LoRA adapters usually have the biggest impact when they are inserted into the model’s most important linear projections, especially the ones that strongly shape attention behavior and feed-forward transformations.

In practice, that usually means some combination of:

  • attention projections such as query, key, value, and output projections
  • large feed-forward projections in the MLP block

The reason is simple: these are the places where the model does most of its representation shaping.

The repo’s LoRA wrapper view shows how adapters are attached directly to existing linear layers, which is why placement is ultimately a question of which linear layers matter most

If you want the biggest effect for the smallest budget, many practitioners start with attention projections, often especially the query and value side. If the task requires deeper behavioral change, they then expand to more layers or to the feed-forward blocks.

The repo’s helper function goes even further and can recursively replace linear layers throughout the model with LoRA-wrapped versions.

The appendix-E material also shows a full-model replacement pattern, where LoRA adapters can be inserted broadly rather than only in one hand-picked layer

So there is no single universal answer.

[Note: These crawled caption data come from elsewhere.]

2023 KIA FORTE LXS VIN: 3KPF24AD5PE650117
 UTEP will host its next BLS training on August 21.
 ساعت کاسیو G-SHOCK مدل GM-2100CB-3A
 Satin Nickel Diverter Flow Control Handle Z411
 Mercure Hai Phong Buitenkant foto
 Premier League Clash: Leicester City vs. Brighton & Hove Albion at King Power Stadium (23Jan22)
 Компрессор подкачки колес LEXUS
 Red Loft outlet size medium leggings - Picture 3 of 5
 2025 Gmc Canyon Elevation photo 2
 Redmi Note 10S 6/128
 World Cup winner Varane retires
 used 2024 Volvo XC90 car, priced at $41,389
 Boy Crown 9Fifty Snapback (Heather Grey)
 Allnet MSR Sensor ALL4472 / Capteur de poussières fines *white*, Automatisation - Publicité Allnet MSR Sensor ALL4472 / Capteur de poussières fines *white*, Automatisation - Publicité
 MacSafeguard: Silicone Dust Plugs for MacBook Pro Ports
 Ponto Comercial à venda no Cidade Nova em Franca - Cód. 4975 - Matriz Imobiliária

The best insertion pattern depends on:

  • the task
  • the model architecture
  • how much VRAM and training budget you have
  • whether you want a light touch or a broader adaptation

The practical rule is:

  • start with high-leverage attention projections if you need efficiency
  • expand into more attention and MLP layers if you need stronger adaptation

In short, LoRA adapters should usually be inserted into the model’s most influential linear layers, especially attention and feed-forward projections, because those are the places where a small trainable update can change behavior most effectively.